YOUR ASSIGNMENT - Reproduce exactly the run of lines that begins with the one containing "Ожерелье-пистолет на палец" and ends with the last line of the records, omitting pictures.

DATA FOR THIS TASK -
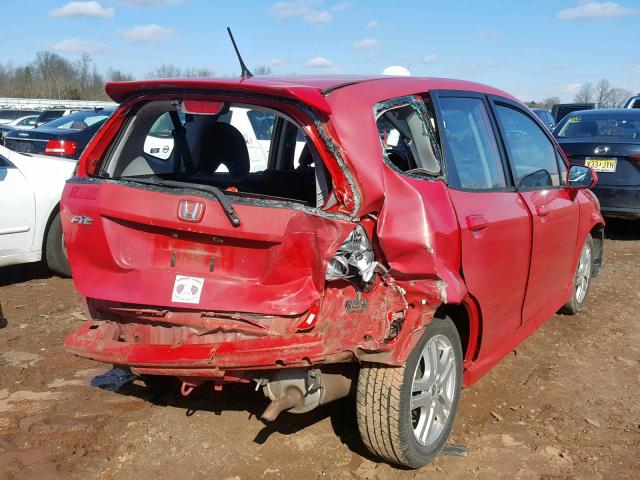 JHMGD38698S015236 - 2008 HONDA FIT SPORT RED photo 4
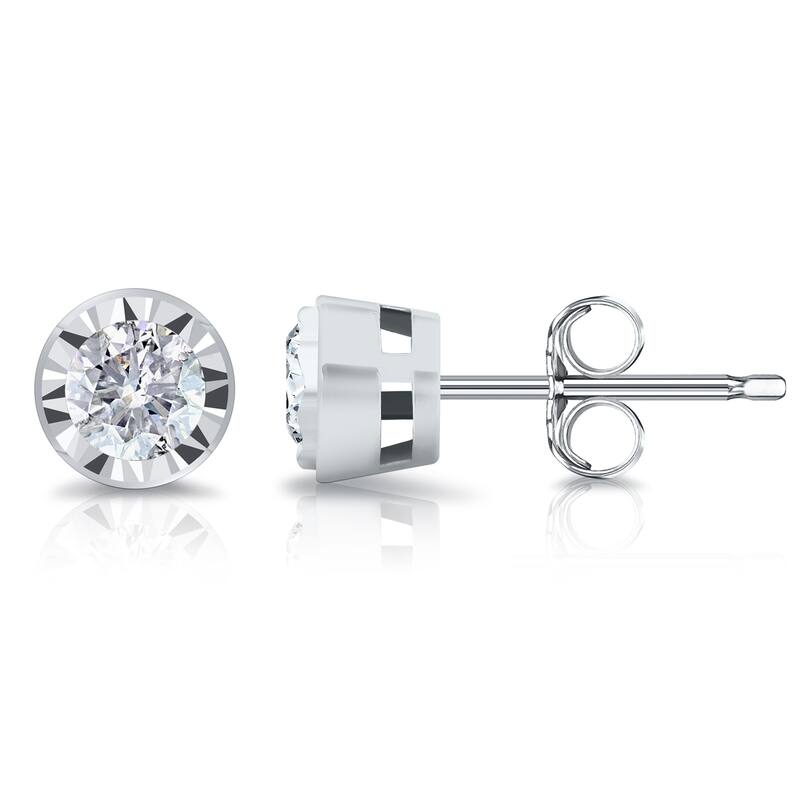 Auriya Round 1/2cttw Bezel Set Diamond Stud Earrings 14K Gold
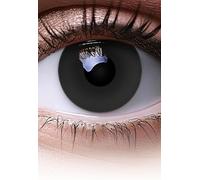 MeralenS Lentilles couleur noir - Black Out Halloween, Shrovetide, Carnaval | 1 paire (2 pièces) | sans correction | 0,00 Dioptries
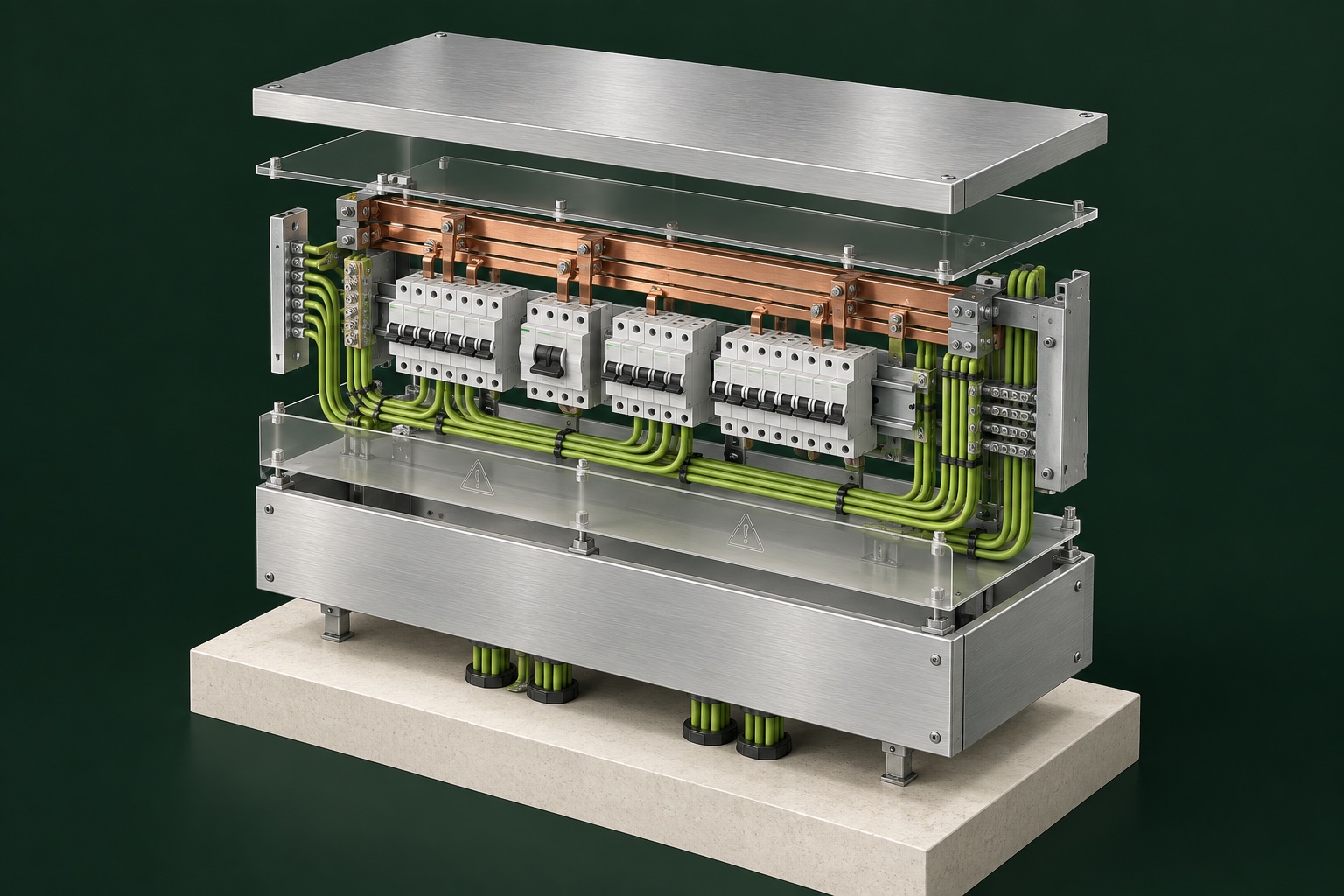 Exploded illustration of an electrical switchboard and precisely routed cables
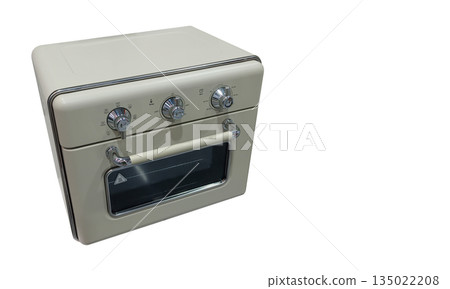 top view steel microwave oven placed on isolated background, technology, object, ferniture, electric, copy space 135022208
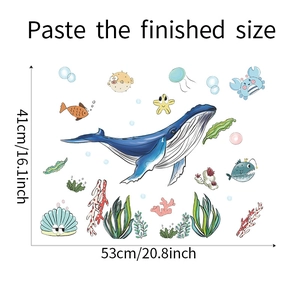 Detailed size layout of self-adhesive cartoon whale and coral wall stickers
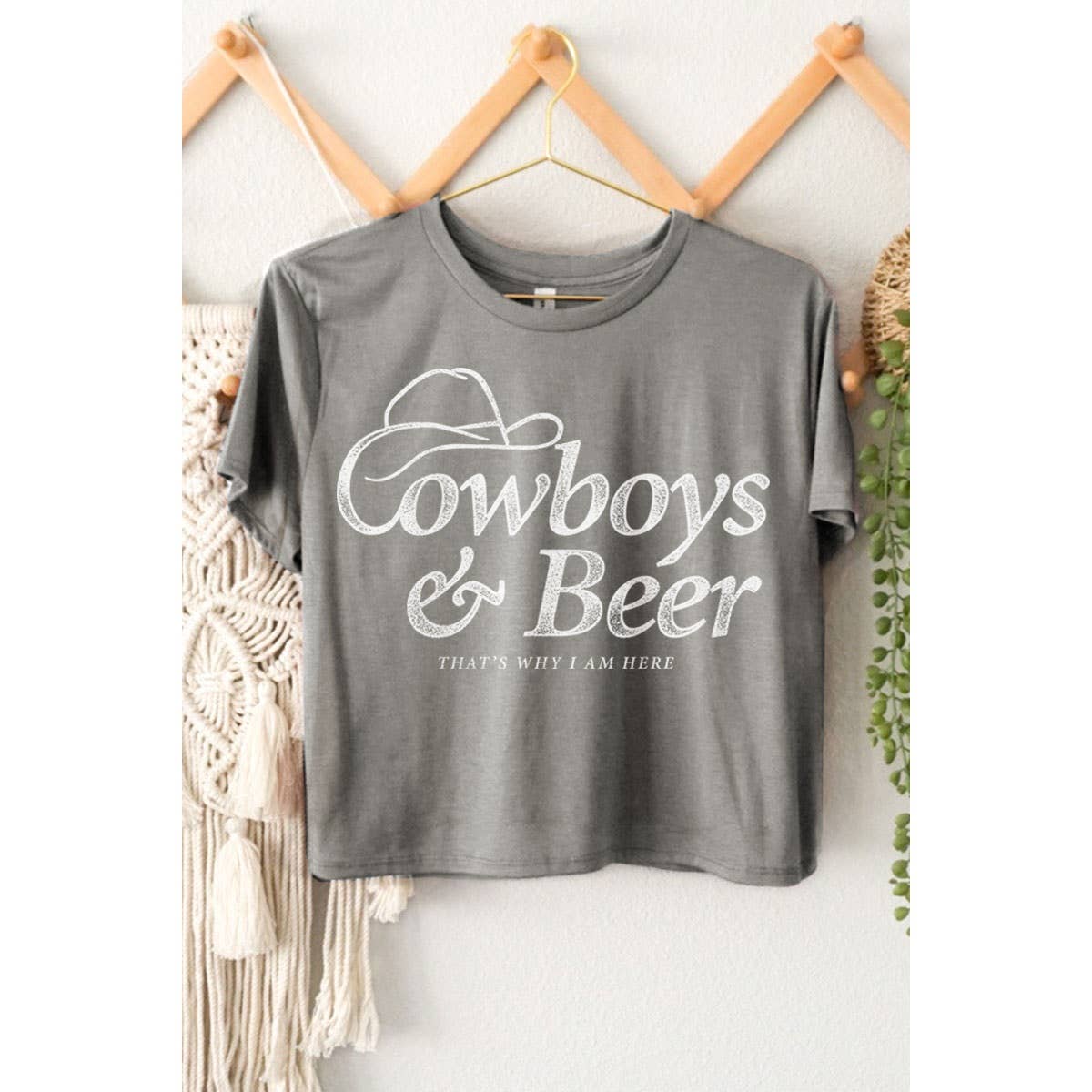 COWBOY N BEER GRAPHIC CROP TOP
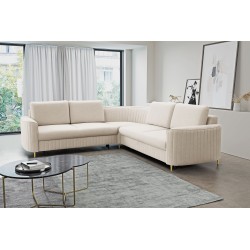 LAREN Modern Corner Sofa with Sleeper Function, Bedding Compartment, Plastic Legs, Left Side, CREMAL, 251x251x85 cm LAREN Modern Corner Sofa with Sleeper Function, Bedding Compartment, Plastic Legs, Left Side, CREMAL, 251x251x85 cm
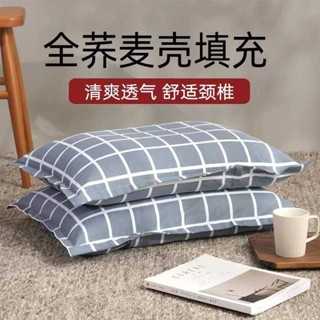 深度睡眠 格蕾莎頸 旅行頸枕 蕎麥枕頭成人家用單人助護頸椎睡專用眠蕎麥殼皮硬枕芯帶枕頭套男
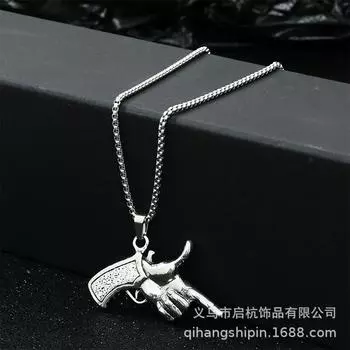 Ожерелье-пистолет на палец Модное Универсальное Хип-хоп Мужское Длинное Цепочка для свитера Аксессуары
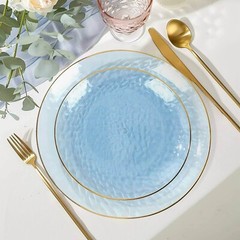 TRANSPARENT DUSTY BLUE 10 Glossy 8″ Round Plastic Salad PLATES GOLD Rim Party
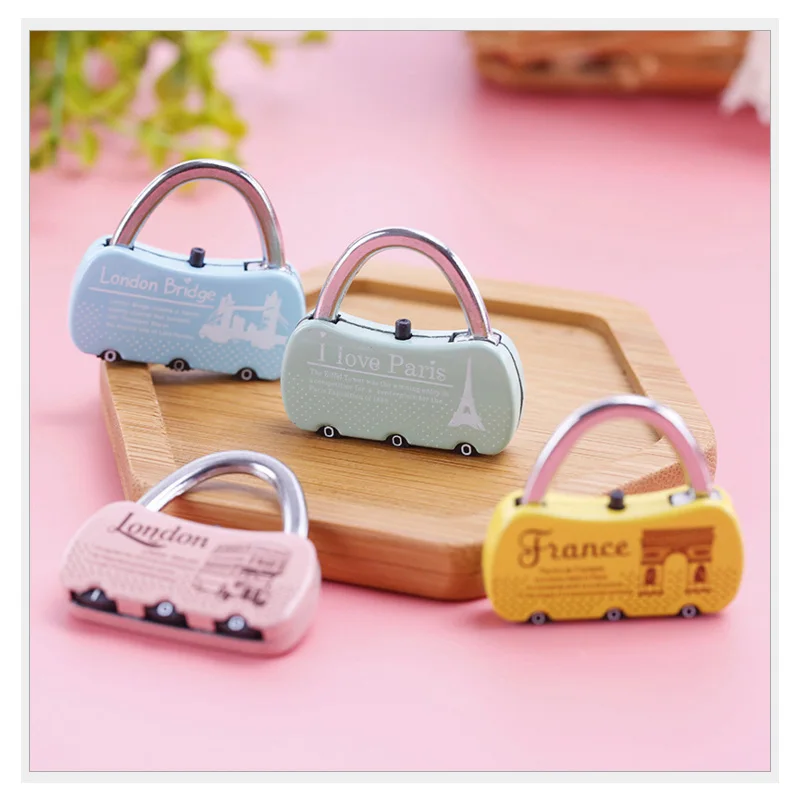 Mini 3 Digital Combination Code Locks Travel Suitcase Luggage Bag Drawer Cute Code Lock Zipper Padlock Pendant Decorative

SOLVED EXERCISE -
 Ожерелье-пистолет на палец Модное Универсальное Хип-хоп Мужское Длинное Цепочка для свитера Аксессуары
 TRANSPARENT DUSTY BLUE 10 Glossy 8″ Round Plastic Salad PLATES GOLD Rim Party
 Mini 3 Digital Combination Code Locks Travel Suitcase Luggage Bag Drawer Cute Code Lock Zipper Padlock Pendant Decorative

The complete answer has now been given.